The 20-year-old Scotsman spoke to the GP3 website about the experience and his plans for 2011. “I saw the car for the first time on Wednesday when I arrived for a seat fitting, and it doesn't actually look that different from a Renault,” he said. “The tub and steering wheel are similar, but the biggest difference is obviously the engine and the tyres are a lot different, they are a lot wider. When I first got in the car it took a while to get used to it, the team said I would have a bit of turbo lag, so you have to anticipate getting on the throttle a bit earlier. But the main thing was getting the car out the pits! I found it so hard to get it off the hand clutch. I think yesterday I only managed to pull away three times without stalling, but when I did get it right it was so smooth. Apart from that it was just getting used to a new car.”

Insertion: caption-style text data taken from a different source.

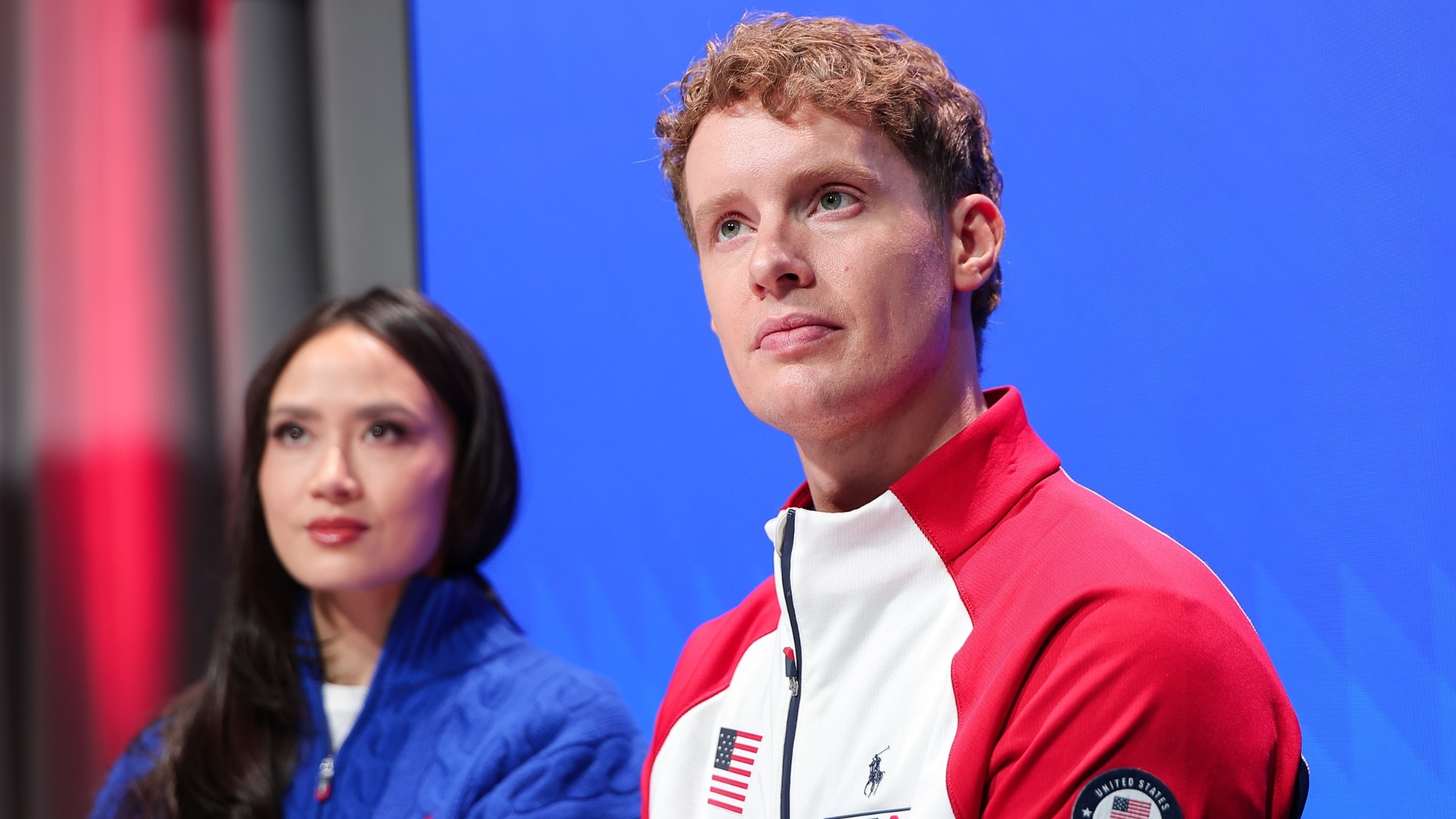 Photo taken from the waist up of Evan Bates sitting in a panel discussion looking to the left. Evan is a man with short curly blonde hair wearing a jacket with a white torso and red sleeves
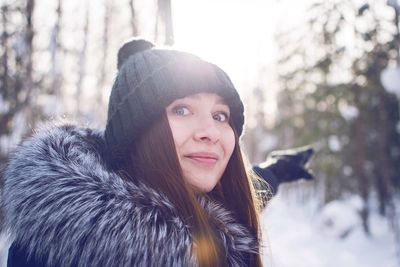 Portrait of young woman in winter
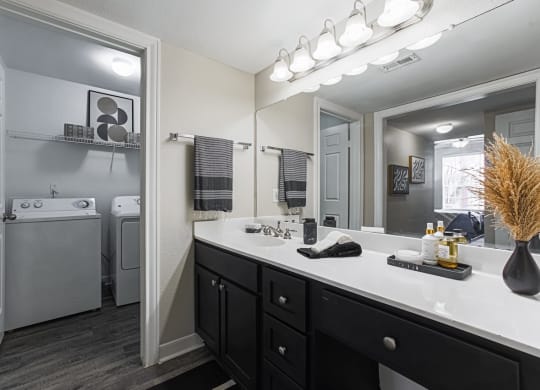 bathroom with dark cabinetry and in-home washer and dryer in the background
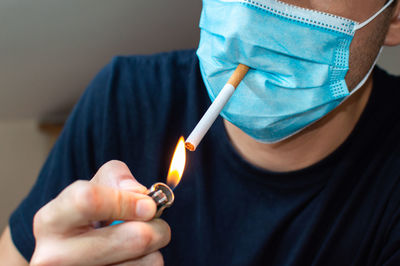 Close-up of man holding burning candle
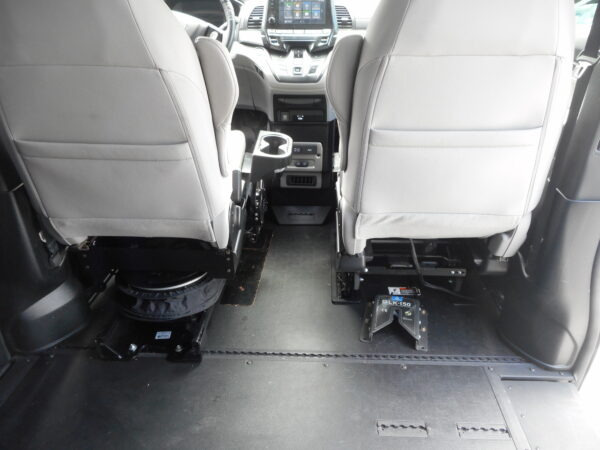 DSCN0025 Interior of a vehicle showing the backs of the front seats, center console, and floor-mounted equipment rails or base for a lift/attachment system at the rear area.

Speaking about his plans for next season, he said: “I think unless anything changes drastically in the next couple of weeks I will definitely be in GP3 next season. We were already looking at doing GP3 before this week. I do have a test in an F3 car that was a prize for doing well in the championship this year, but I think F3 really threw itself out the window with costs and moving gateposts the whole time. Unless you're with the best team you're not really going to do well because they need money to constantly change bits on the car, and wind tunnel time, so if you sit back at any time you can have a fast car one weekend and then be half signed off the next. It's a bit difficult and not good for sponsors.
“In GP3 it's much fairer and there are not a lot of changes being made during the season, it might just be a change of the wing or something. During the season you just have 30 minute sessions so as a driver you just get out on track and get on with it, and if it's got a problem you drive around it. It's the best thing to do.”